A package for sentence splitting using a pre-trained transformer model.

These details have not been verified by PyPI

Project description

Sentence Splitter

A Python package for sentence splitting using a pre-trained transformer model.

Description

Sentence Splitter is a Python package that provides accurate sentence segmentation using a transformer-based token classification model. The model is automatically downloaded from Hugging Face Hub on first use and cached locally for future use. It's designed to handle long texts efficiently and supports GPU acceleration if available.

Features

Transformer-Based Model: Leverages a pre-trained transformer model for high-accuracy sentence splitting.
Automatic Model Download: The model is automatically downloaded from Hugging Face Hub on first use and cached locally.
Easy to Use: Simple API for quick integration into your projects.
Handles Long Texts: Efficiently processes long texts by splitting them into manageable chunks.
GPU Acceleration: Automatically utilizes CUDA if available for faster processing.

Installation

Install the package via pip:

pip install iges-sentence-splitter

Requirements

Python 3.6 or higher
torch
transformers

Note: These dependencies will be installed automatically when you install the package via pip.

First Use

On first use, the model (~1GB) will be automatically downloaded from Hugging Face Hub and cached locally in ~/.cache/huggingface/. Subsequent uses will load the model from cache instantly.

Usage

Basic Example

from sentence_splitter.splitter import SentenceSplitter

# Initialize the splitter
splitter = SentenceSplitter()

# Input text
text = "This is a test. Here is another sentence. And yet another one!"

# Get sentences
sentences = splitter.split(text)

print(sentences)

Output:

['This is a test.', 'Here is another sentence.', 'And yet another one!']

Processing Long Texts

The split method can handle long texts by splitting them into chunks. You can adjust the parameters as needed:

sentences = splitter.split(
    text,
    max_seq_len=512,   # Maximum sequence length for each chunk
    stride=100,        # Overlap between chunks to preserve context
    batch_size=4       # Number of chunks to process at once
)

API Reference

`SentenceSplitter`

A class for splitting text into sentences using a pre-trained transformer model.

Initialization

splitter = SentenceSplitter(device=None, efficient_mode=False)

Parameters:
- device (str, optional): The device to run the model on ('cuda' or 'cpu'). Defaults to 'cuda' if available, otherwise 'cpu'.
- efficient_mode (bool, optional): Whether to run the model in 8-bit precision for faster computing

Methods

split(text, max_seq_len=512, stride=100, batch_size=4)

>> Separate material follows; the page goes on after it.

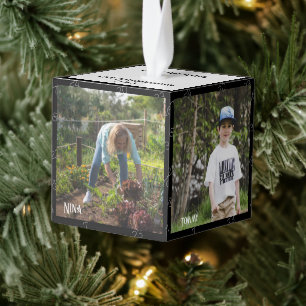 Christmas Family Photo Cube 5 Photo's, Countdown Ornament
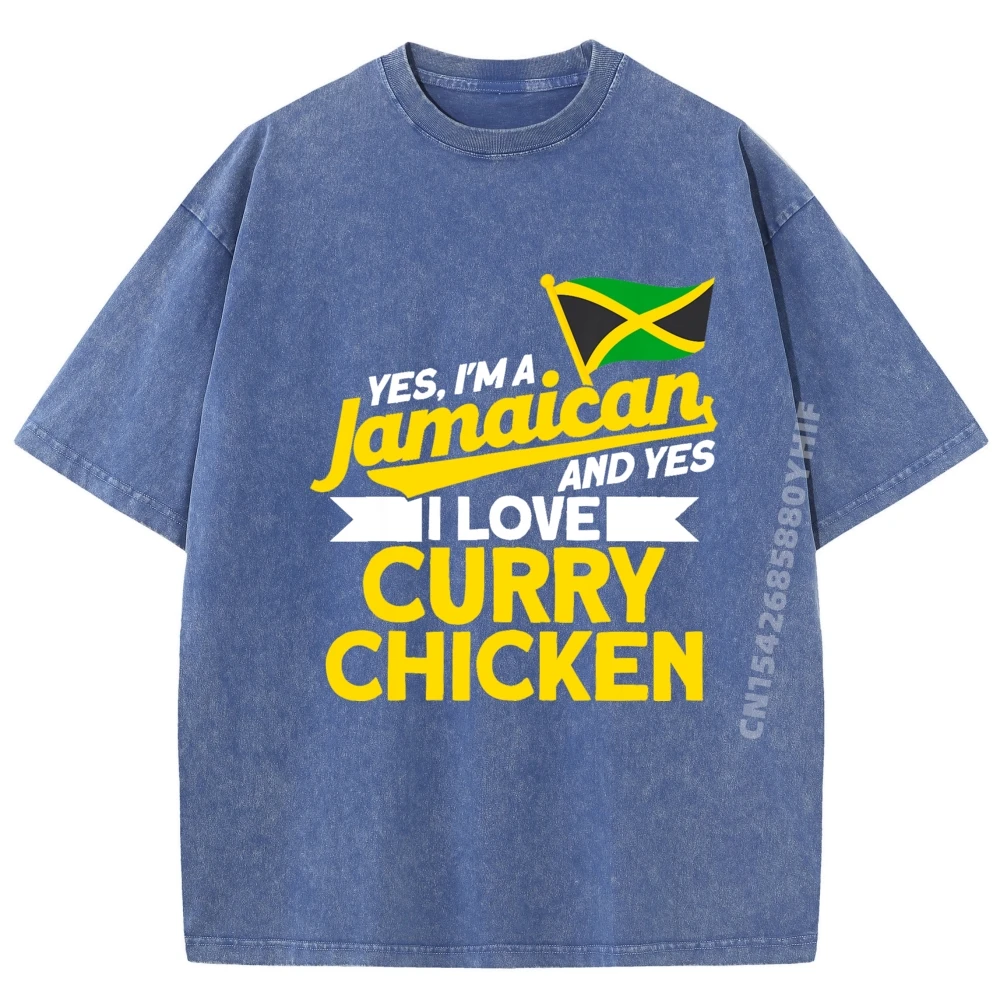 

Jamaican Flag I Love Curry Chicken Jamaica Souvenir Street Wear T Shirt Vintage Washed T Shirts Graphic Tops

Splits the input text into sentences.
- Parameters:
  - text (str): The text to split.
  - max_seq_len (int, optional): Maximum sequence length for the model. Defaults to 512.
  - stride (int, optional): Number of tokens to overlap between chunks. Defaults to 100.
  - batch_size (int, optional): Number of chunks to process simultaneously. Defaults to 4.
- Returns:
  - List[str]: A list of sentences.

How It Works

The package uses a token classification model that labels each token as:

B: Beginning of a sentence.
E: End of a sentence.
I: Inside a sentence.

By processing the tokens and their predicted labels, the splitter reconstructs the sentences accurately, even in complex texts.

Example: Splitting Complex Text

text = """
Despite the rain, the match continued. Players were determined; fans were cheering. 
"Unbelievable!" shouted the commentator. It's a night to remember.
"""

sentences = splitter.split(text)

for i, sentence in enumerate(sentences, 1):
    print(f"Sentence {i}: {sentence}")

Output:

Sentence 1: Despite the rain, the match continued.
Sentence 2: Players were determined; fans were cheering.
Sentence 3: "Unbelievable!" shouted the commentator.
Sentence 4: It's a night to remember.

License

This project is licensed under the MIT License. See the LICENSE file for details.

Author

Kathryn Chapman
Email: kathryn.chapman@iges.com

Acknowledgments

Hugging Face Transformers for the transformer models.
PyTorch for the deep learning framework.

Contact

For any questions or suggestions, feel free to reach out via email.

Project details

These details have not been verified by PyPI

License
- OSI Approved :: MIT License
Operating System
- OS Independent
Programming Language
- Python :: 3

Release history Release notifications | RSS feed

This version

0.2.1

Dec 8, 2025

0.2.0

Dec 8, 2025

0.1.15

Jan 8, 2025

0.1.14

Dec 4, 2024

0.1.13

Nov 22, 2024

0.1.12

Nov 22, 2024

0.1.11

Nov 22, 2024

0.1.10

Nov 22, 2024

0.1.9

Nov 22, 2024

0.1.8

Nov 20, 2024

0.1.7

Nov 20, 2024

Download files

Download the file for your platform. If you're not sure which to choose, learn more about installing packages.

Source Distribution

iges_sentence_splitter-0.2.1.tar.gz (5.6 kB view details)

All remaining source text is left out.